The biggest limitation isn’t technical—it’s ecosystem maturity. With only 17 GitHub stars, oxp-python has minimal production usage. That means you’re unlikely to find Stack Overflow answers, community-written guides, or third-party integrations. If you hit an edge case or bug, you’re probably the first person to encounter it, and you’ll be filing an issue rather than finding an existing solution.

The underlying Open eXecution Protocol itself is relatively obscure. While the client library is well-engineered, its usefulness is entirely dependent on OXP services being available and meeting your needs.
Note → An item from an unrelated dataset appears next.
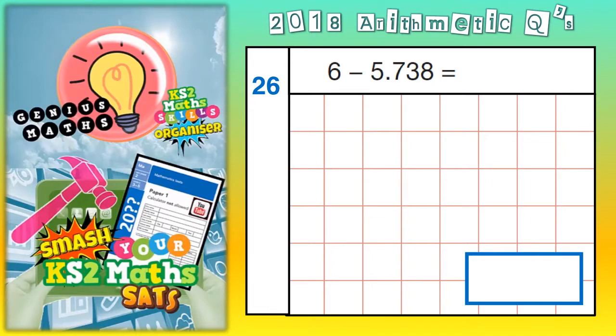Welcome Arithmetic Ninjas to question 26. This is 6 whole subtract 5.738. The simple advice here is to turn 6 into 6.000, making it have 3 zeros after the decimal point, so that you can put your other decimal point underneath and put your 5.738 in. Put the 3 zeros in just so there are no empty gaps on the top.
If you’re evaluating execution orchestration protocols, you’ll need to assess OXP’s feature set, performance characteristics, and ecosystem support independently. A beautifully designed client for a protocol that doesn’t fit your use case is still the wrong tool.
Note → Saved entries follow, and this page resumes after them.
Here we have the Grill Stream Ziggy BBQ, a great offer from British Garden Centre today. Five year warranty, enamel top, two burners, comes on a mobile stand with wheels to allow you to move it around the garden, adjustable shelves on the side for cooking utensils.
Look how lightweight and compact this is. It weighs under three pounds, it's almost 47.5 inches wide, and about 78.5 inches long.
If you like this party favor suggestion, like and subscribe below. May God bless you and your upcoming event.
Being auto-generated via Stainless is both a strength and a constraint. The generation ensures consistency and reduces maintenance burden, but it also means customization is limited. If you need to add custom middleware, modify request behavior in ways not exposed through configuration, or extend the client with helper methods, you’re working around the generation tooling rather than with it. You can subclass the client or wrap it, but any modifications live outside the auto-generated code and won’t be preserved when the client is regenerated. For teams that need deep customization or want to contribute improvements back to the client itself, the auto-generation workflow adds friction.

Verdict

Use if: You’re building Python services that interact with OXP-compliant APIs and value type safety, modern async support, and production-ready features like retries and timeouts out of the box. The dual sync/async interfaces make it suitable for both traditional Flask-style applications and modern asyncio-based frameworks like FastAPI. The strong typing via Pydantic and TypedDicts provides excellent developer experience in modern editors. Skip if: You need a battle-tested library with extensive community support and a rich ecosystem of examples and integrations—the low adoption numbers suggest you’ll be an early adopter navigating uncharted territory. Also skip if you’re still evaluating execution orchestration protocols and haven’t committed to OXP specifically, as the client’s usefulness is entirely dependent on OXP meeting your architectural needs. Finally, if you anticipate needing heavy customization beyond standard REST client behavior, the auto-generation approach may feel constraining compared to writing a custom httpx wrapper.